## RECORD SET:
>>>>>

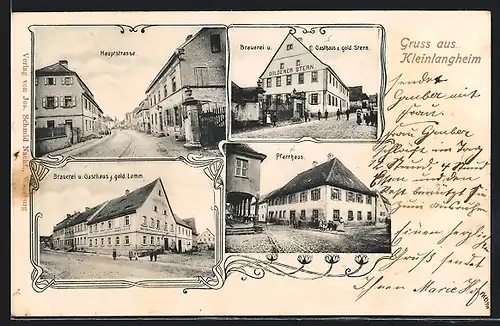 AK Kleinlangheim, Gasthaus z. gold. Lamm und z. gold. Stern, Hauptstrasse, Brauerei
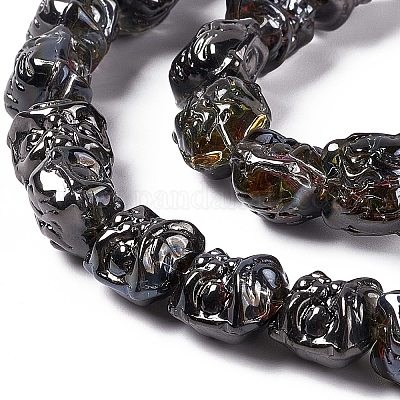 Half Rainbow Plated Electroplate Glass Beads&nbsp;GLAA-P028-HR02-1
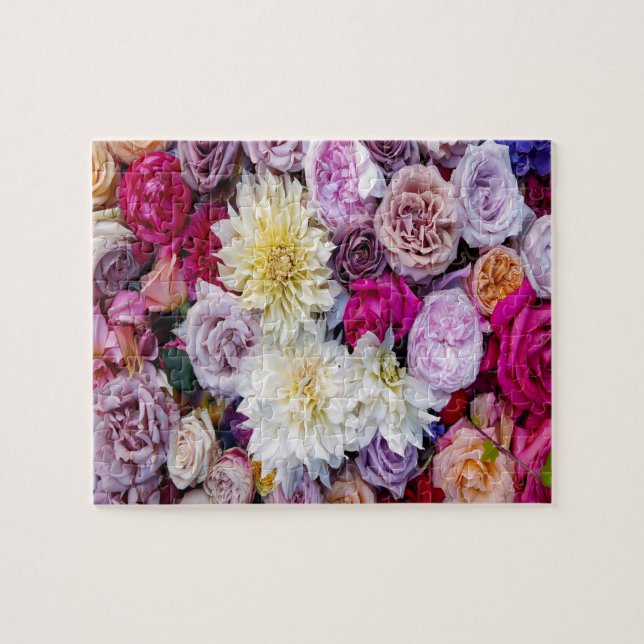 Dahlias Flowers & Ro Jigszawa Puzzle Pussel (Horisontell)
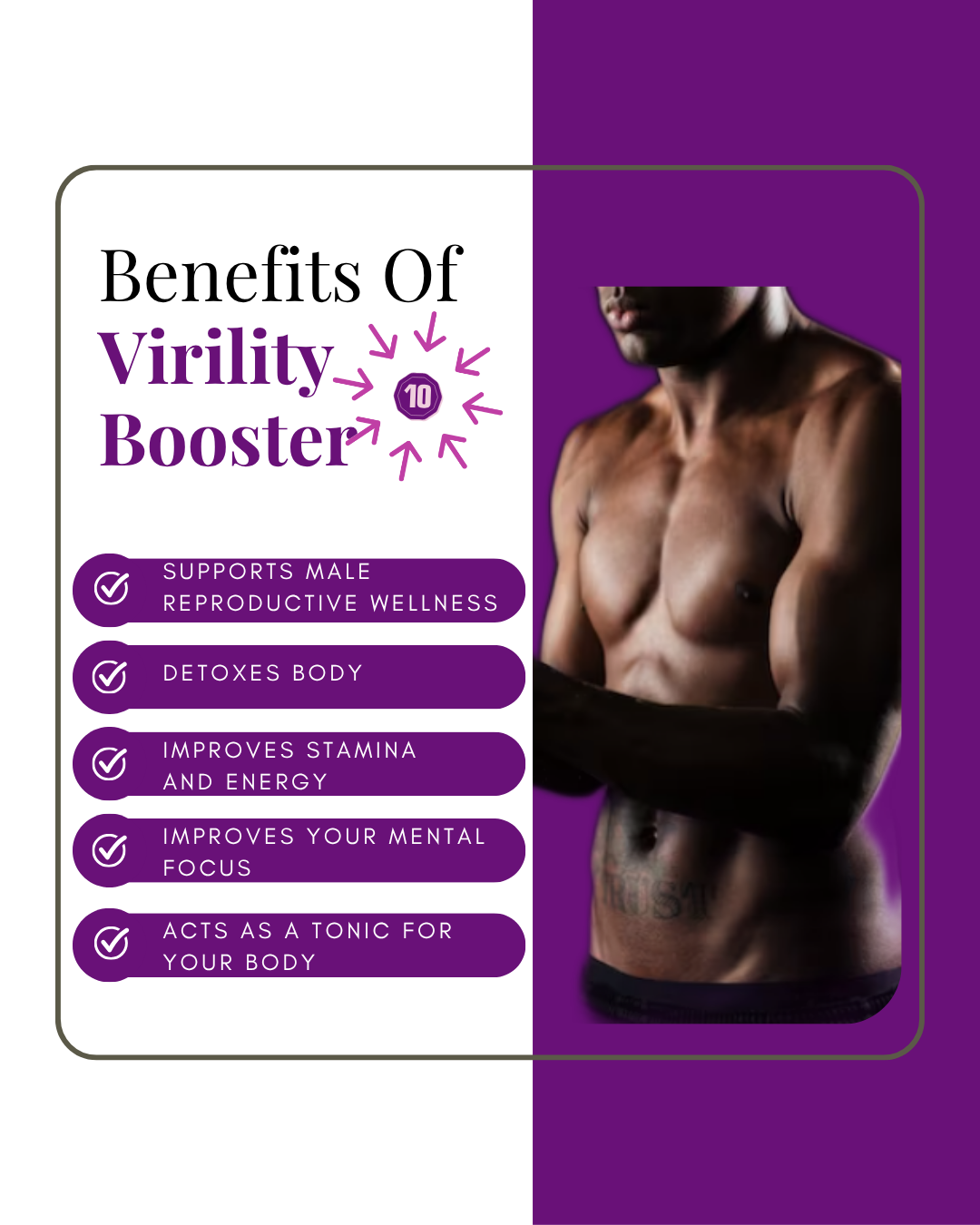 Virility Booster - Natural Male Fertility, Libido & Performance Support Supplement with Maca Root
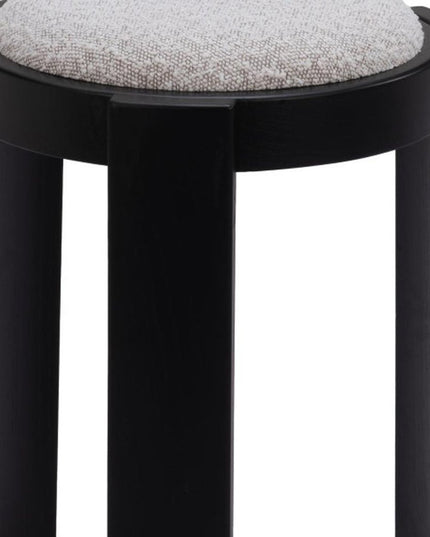 15" Gray and Black Fabric Round Ottoman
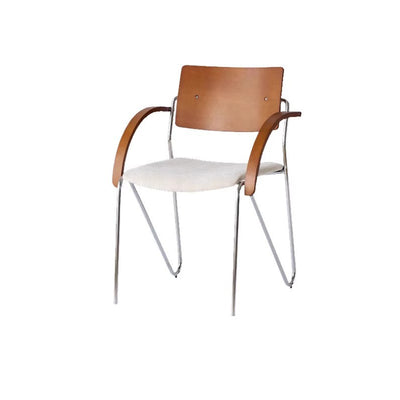 Contemporary Scandinavian Square Multi-layer Solid Wood Panel Electroplated Iron Chenille Fabric Backrest Armrests Dining Chair For Dining Room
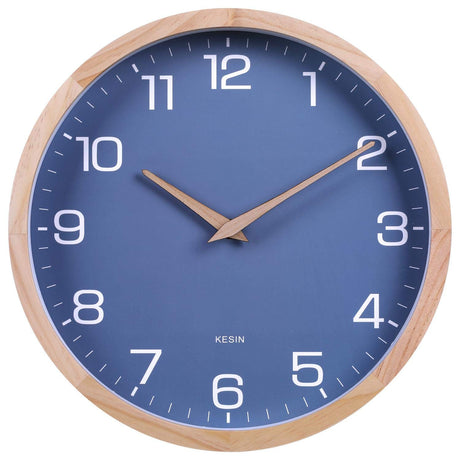 Kesin Wall Clock 12 Inch Silent Non Ticking Wood Wall Clocks Battery Operated - Wooden Blue Modern Simple Clock Decorative for Kitchen,Living Room,Bedroom,Kid’s Room Kesin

<<<<<

## PROBLEM STATEMENT:
Print, exactly and with no pictures, the lines of the listing above starting at the one that has "Half Rainbow Plated" and ending at the one that has "Fabric Round Ottoman", both included.

## EXERCISE SOLUTION:
 Half Rainbow Plated Electroplate Glass Beads&nbsp;GLAA-P028-HR02-1
 Dahlias Flowers & Ro Jigszawa Puzzle Pussel (Horisontell)
 Virility Booster - Natural Male Fertility, Libido & Performance Support Supplement with Maca Root
 15" Gray and Black Fabric Round Ottoman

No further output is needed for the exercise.